Each line from the one with "Innovations Lighting 918-1W-AB-G372" through the end of the records below should be transcribed exactly, and each picture should be skipped.

# Dataset

= = = =

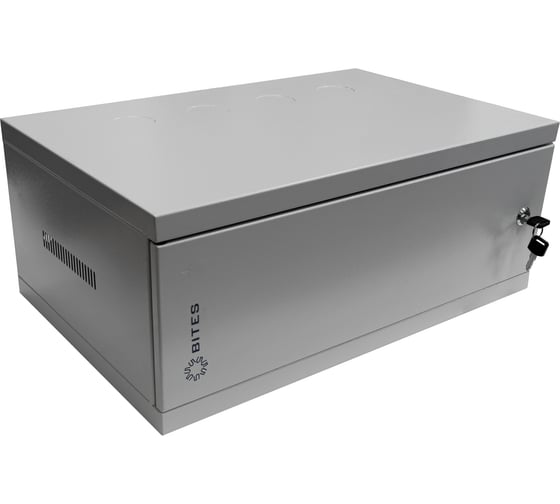 Изображение товара Телекоммуникационный шкаф 5Bites 4u / 540x350 / wall / grey TC5405-04G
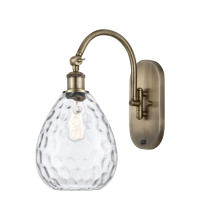 Innovations Lighting 918-1W-AB-G372 - Waverly - 1 Light - 8 inch - Antique Brass - Sconce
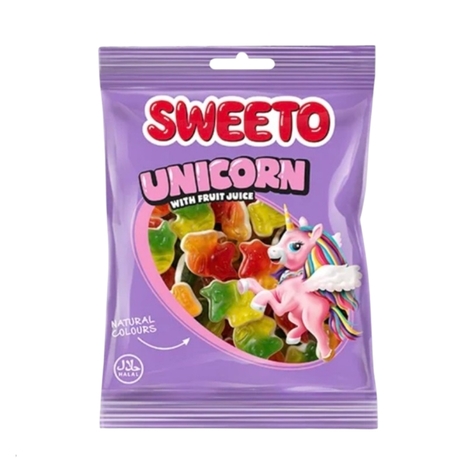 SWEETO UNİCORN JELİBON 80 GR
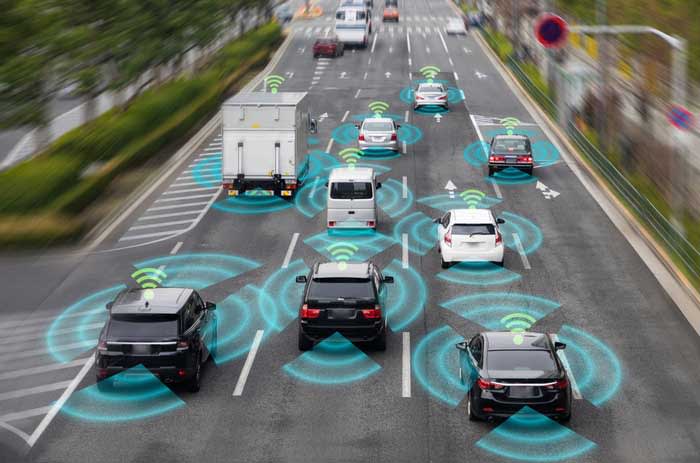 self-driving traffic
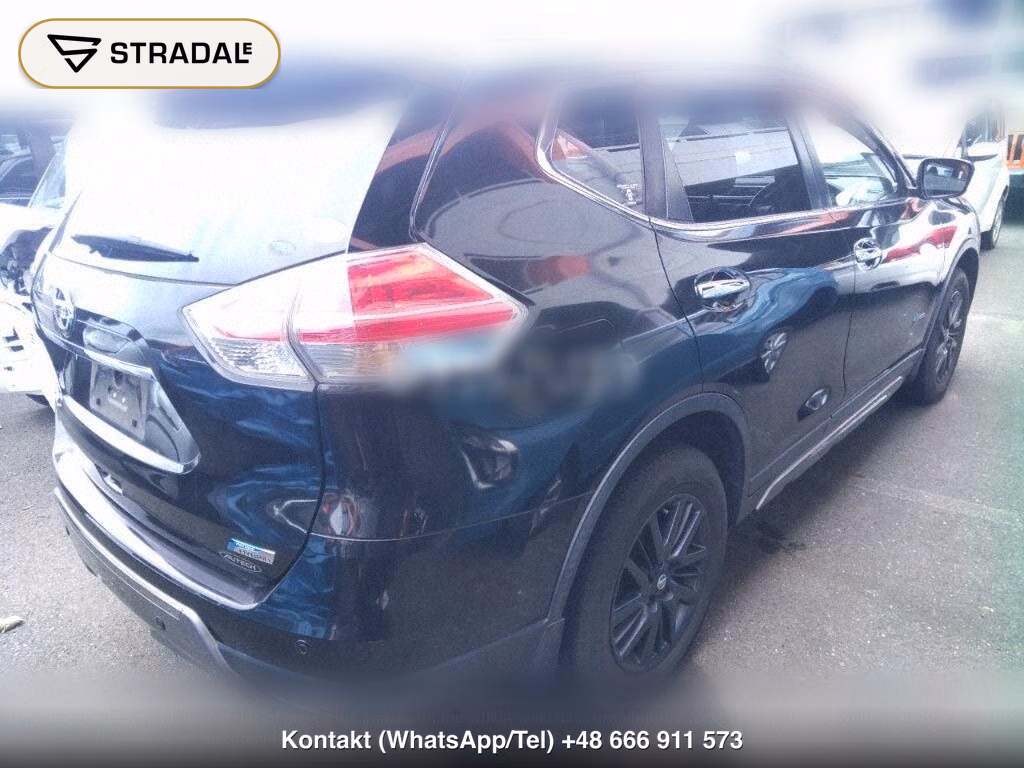 NISSAN X-TRAIL 4WD 20X HV BLACK X-TREMER X EMERGENCY BRAKE, miniaturka 6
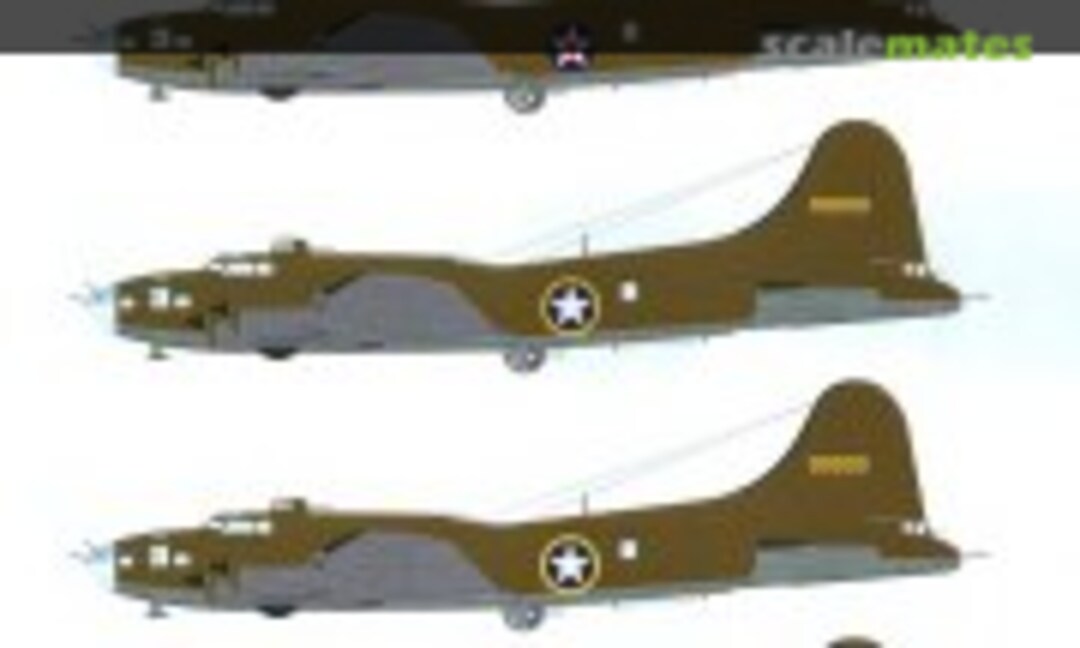 1:48 B-17E/F National Insignia Part 2 (Cutting Edge Modelworks CED48261) CED48261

= = = =

# Answer section
 Innovations Lighting 918-1W-AB-G372 - Waverly - 1 Light - 8 inch - Antique Brass - Sconce
 SWEETO UNİCORN JELİBON 80 GR
 self-driving traffic
 NISSAN X-TRAIL 4WD 20X HV BLACK X-TREMER X EMERGENCY BRAKE, miniaturka 6
 1:48 B-17E/F National Insignia Part 2 (Cutting Edge Modelworks CED48261) CED48261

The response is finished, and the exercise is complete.